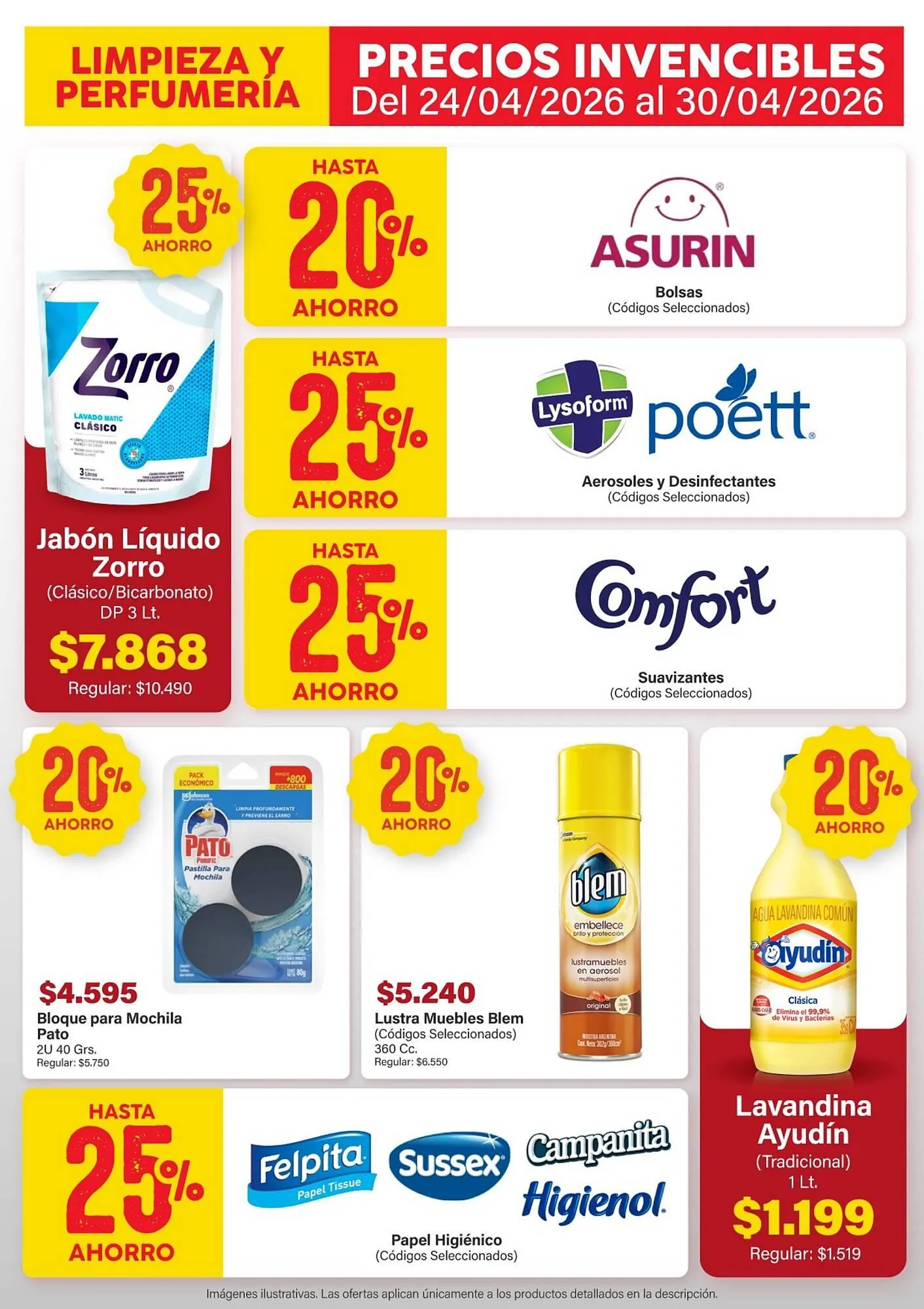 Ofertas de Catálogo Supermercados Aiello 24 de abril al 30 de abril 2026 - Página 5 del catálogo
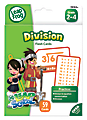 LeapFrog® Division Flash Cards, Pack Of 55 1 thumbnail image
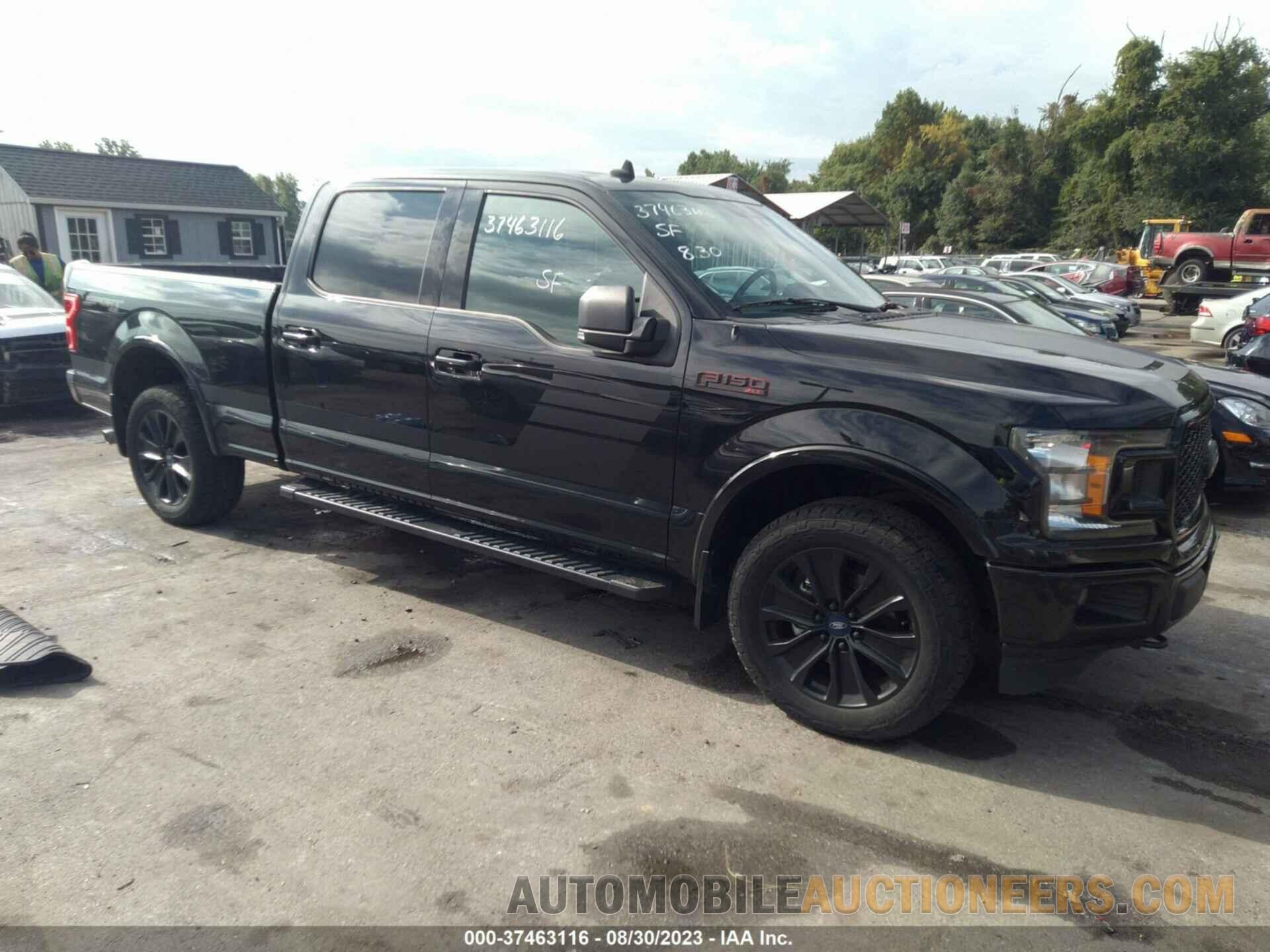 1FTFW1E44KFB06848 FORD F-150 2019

....

▶ _Task description_: Write out the listing above exactly, images omitted.

▶ _Completed exercise_:
 Ofertas de Catálogo Supermercados Aiello 24 de abril al 30 de abril 2026 - Página 5 del catálogo
 LeapFrog® Division Flash Cards, Pack Of 55 1 thumbnail image
 1FTFW1E44KFB06848 FORD F-150 2019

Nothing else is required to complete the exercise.